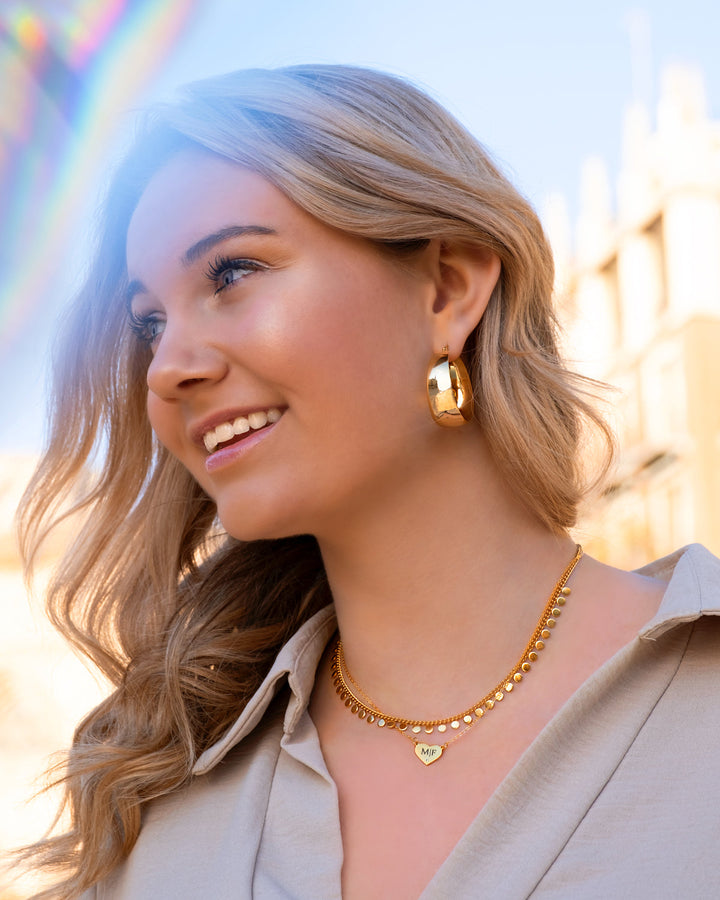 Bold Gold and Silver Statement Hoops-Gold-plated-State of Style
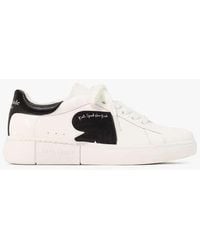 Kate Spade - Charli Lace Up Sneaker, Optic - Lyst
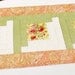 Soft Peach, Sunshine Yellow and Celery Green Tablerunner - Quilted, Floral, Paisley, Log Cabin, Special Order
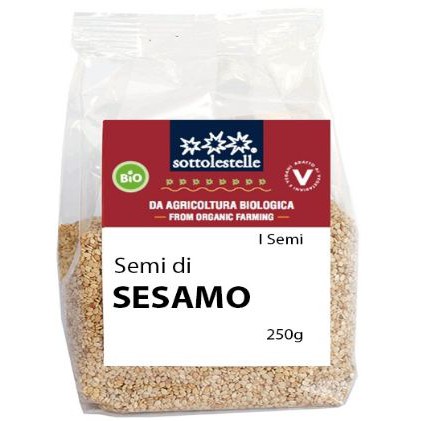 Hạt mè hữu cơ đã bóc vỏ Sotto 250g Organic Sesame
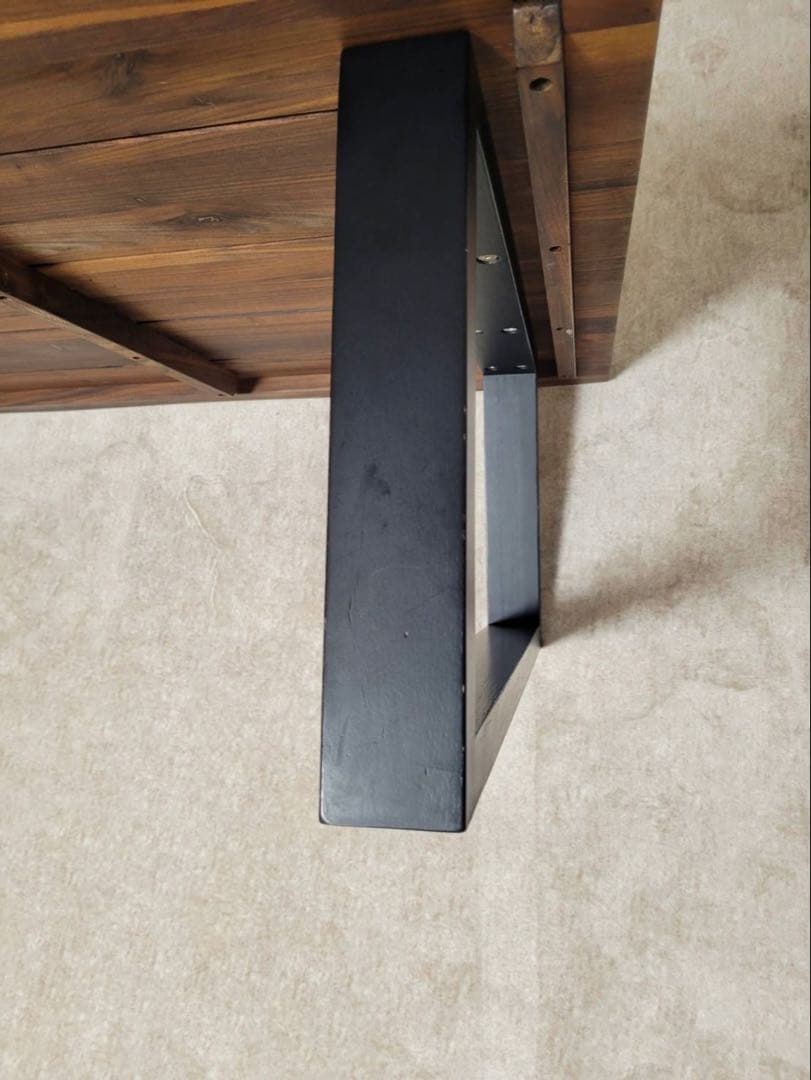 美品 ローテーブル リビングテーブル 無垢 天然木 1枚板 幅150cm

...

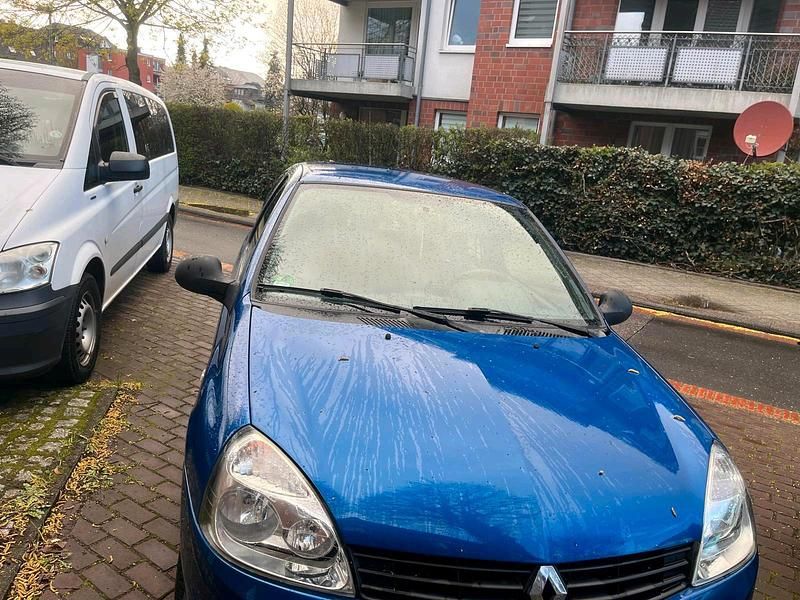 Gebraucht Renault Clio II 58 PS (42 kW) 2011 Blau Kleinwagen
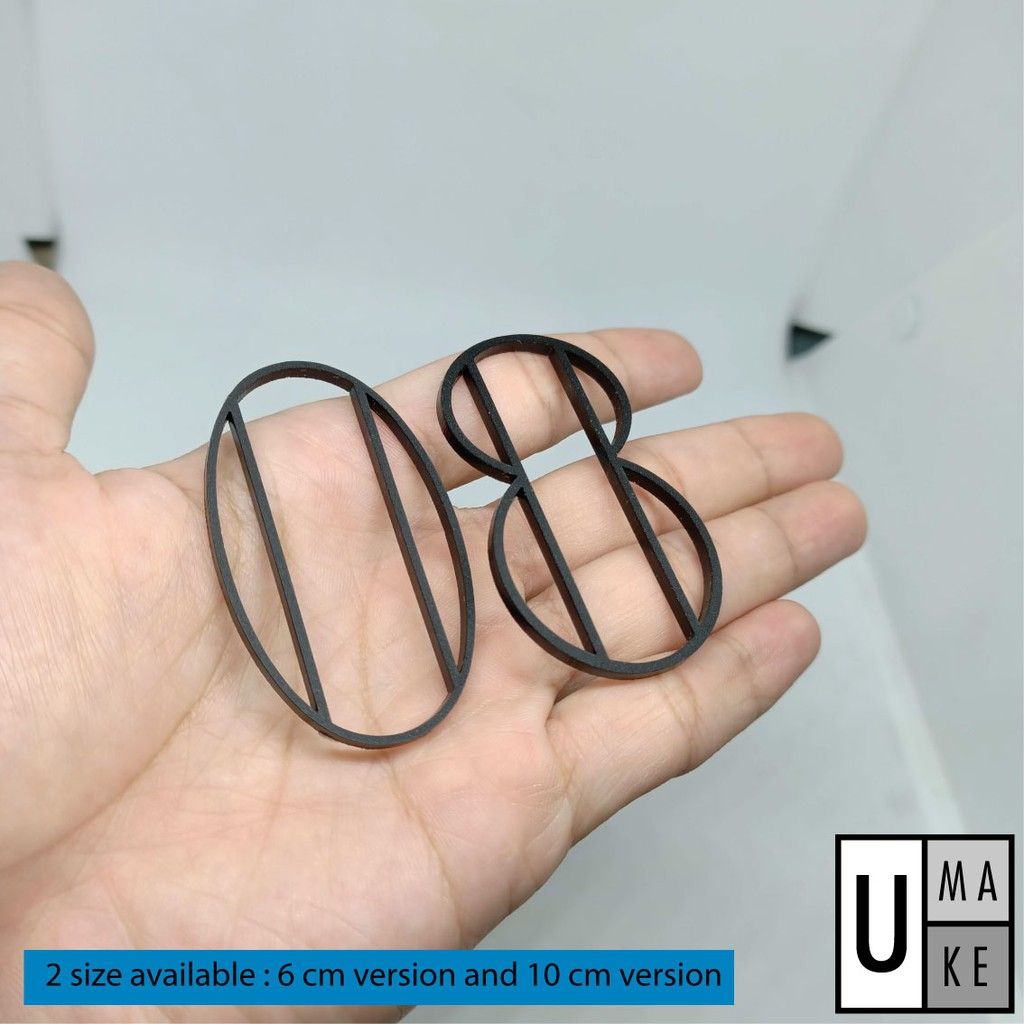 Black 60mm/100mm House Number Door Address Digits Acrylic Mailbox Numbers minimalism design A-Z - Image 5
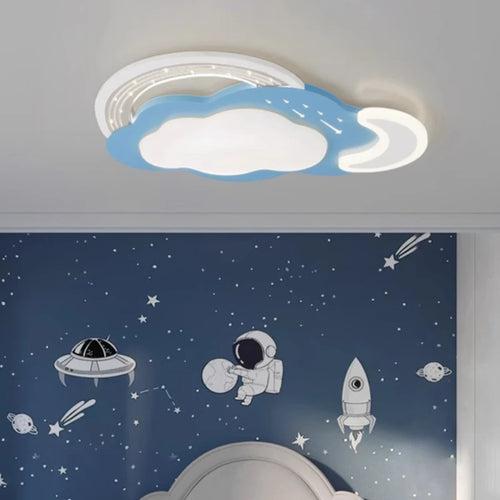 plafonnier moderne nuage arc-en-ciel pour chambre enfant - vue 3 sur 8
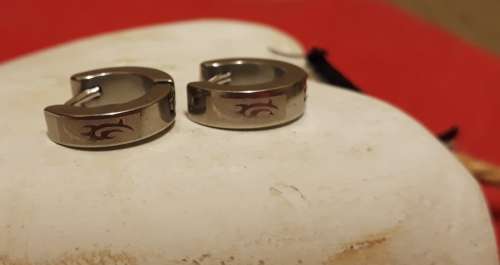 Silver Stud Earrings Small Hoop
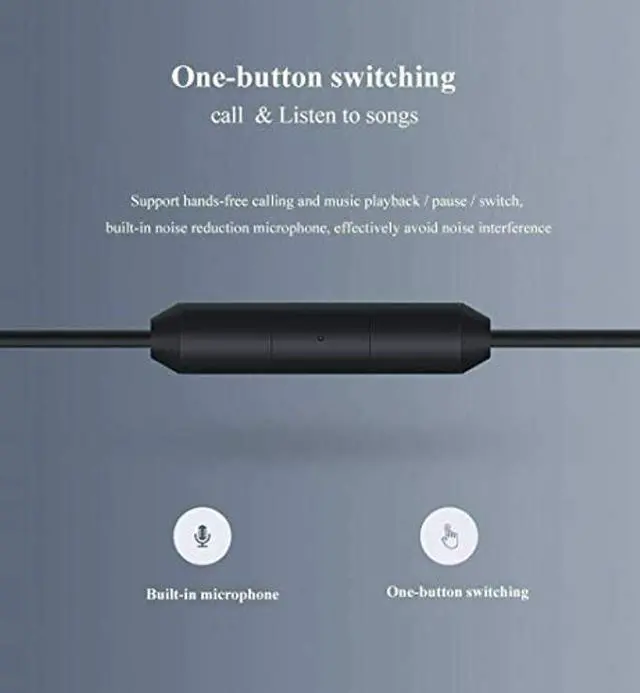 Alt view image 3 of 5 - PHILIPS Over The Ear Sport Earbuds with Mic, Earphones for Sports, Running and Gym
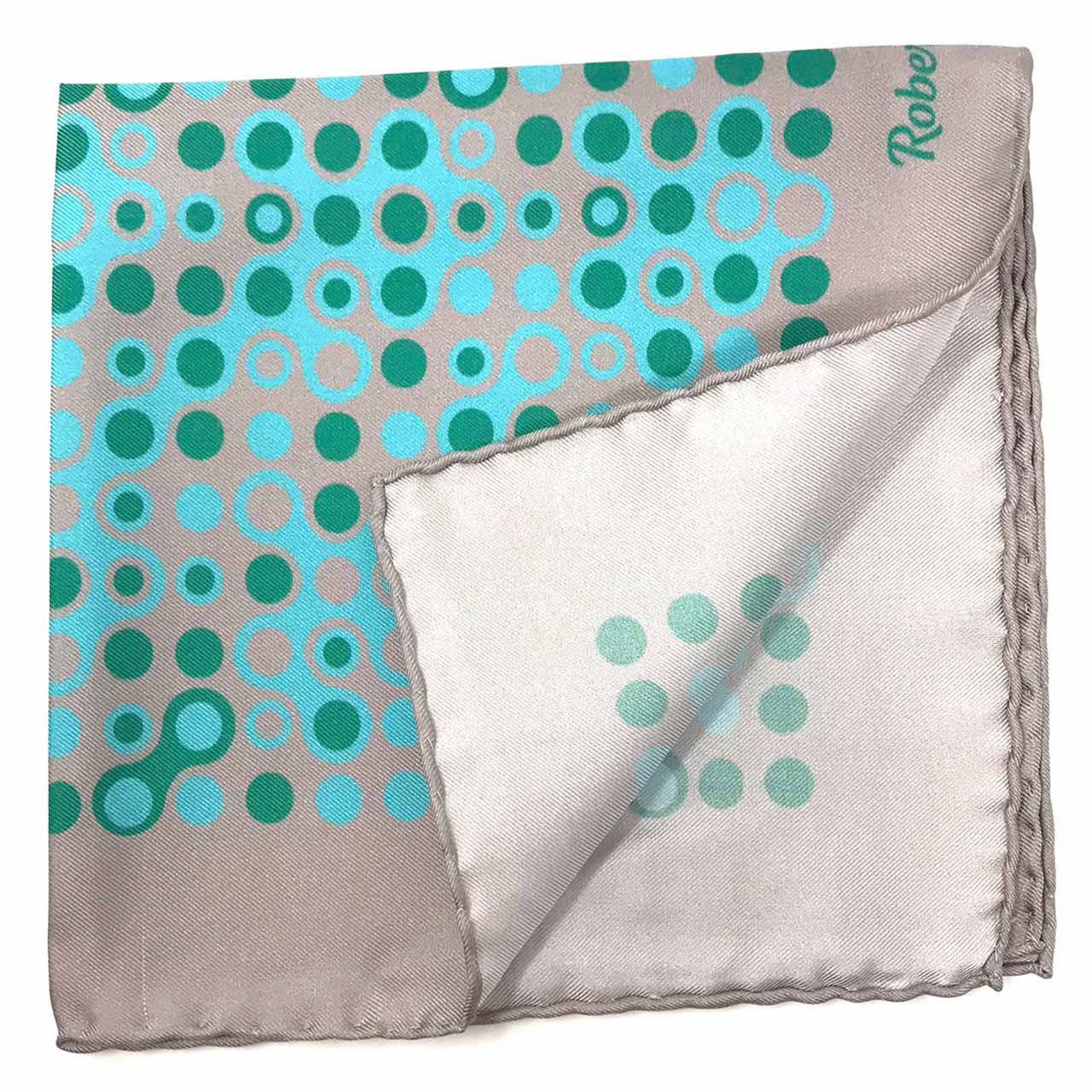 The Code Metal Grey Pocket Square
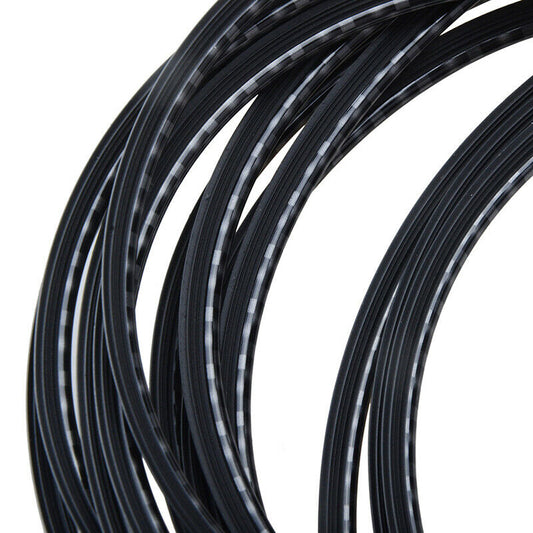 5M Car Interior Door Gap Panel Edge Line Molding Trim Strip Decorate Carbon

==

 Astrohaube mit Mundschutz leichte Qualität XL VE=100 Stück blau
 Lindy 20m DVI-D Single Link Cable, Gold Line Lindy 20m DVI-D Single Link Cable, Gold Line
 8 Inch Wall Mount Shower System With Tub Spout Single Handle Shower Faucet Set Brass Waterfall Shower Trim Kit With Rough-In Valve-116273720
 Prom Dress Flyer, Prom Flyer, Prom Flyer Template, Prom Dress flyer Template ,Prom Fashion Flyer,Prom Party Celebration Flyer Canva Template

YOUR TASK => Exact copy, no pictures. Write out the lines in the entries above, starting with the line with "Bold Gold and" and going on through the line with "美品 ローテーブル リビングテーブル 無垢 天然木 1枚板 幅150cm", keeping both.

OUTPUT OF THE EXERCISE =>
 Bold Gold and Silver Statement Hoops-Gold-plated-State of Style
 Kate Spade - Charli Lace Up Sneaker, Optic - Lyst
 Soft Peach, Sunshine Yellow and Celery Green Tablerunner - Quilted, Floral, Paisley, Log Cabin, Special Order
 Hạt mè hữu cơ đã bóc vỏ Sotto 250g Organic Sesame
 美品 ローテーブル リビングテーブル 無垢 天然木 1枚板 幅150cm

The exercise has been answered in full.